The Articles were to this effect:—

"1. In this new temple there was to be only one king to rule over the people of God.

2. This king was to be a minister of righteousness, and to bear the sword of justice.

3. None of the subjects were to desert their allotted places.

4. None were to interpret Holy Scripture wrongfully.

5. Should a prophet arise teaching anything contrary to the plain letter of Holy Scripture, he was to be avoided.

6. Drunkenness, avarice, fornication, and adultery were forbidden.

7. Rebellion to be punished with death.

8. Duels to be suppressed.

9. Calumny forbidden.

10. Egress from the camp forbidden without permission.

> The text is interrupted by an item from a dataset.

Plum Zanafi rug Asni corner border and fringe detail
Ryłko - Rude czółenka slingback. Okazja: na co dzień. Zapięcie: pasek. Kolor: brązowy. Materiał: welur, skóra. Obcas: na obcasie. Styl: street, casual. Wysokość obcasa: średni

11. Any one absenting himself from his wife for three days, without leave from his officer, the wife to take another husband.

12. Approaching the enemy's sentinels without leave forbidden.

13. All violence forbidden among the elect.

14. Spoil taken from the enemy to go into a common fund.

15. No renegade to be re-admitted.

16. Caution to be observed in admitting a Christian into one society who leaves another.

17. Converts not to be repelled.

18. Any desiring to live at peace with the Christians, in trade, friendship, and by treaty, not to be rejected.

19. Permission given to dealers and traders to traffic with the elect.

20. No Christian to oppose and revolt against any Gentile magistrate, except the servants of the bishops and the monks.

21. A Gentile culprit not to be remitted the penalty of his crime by joining the Christian sect.

22. Directions about bonds.

23. Sentence to be pronounced against those who violate these laws and despise the Word of God, but not hastily, without the knowledge of the king.

24. No constraint to be used to force on marriages.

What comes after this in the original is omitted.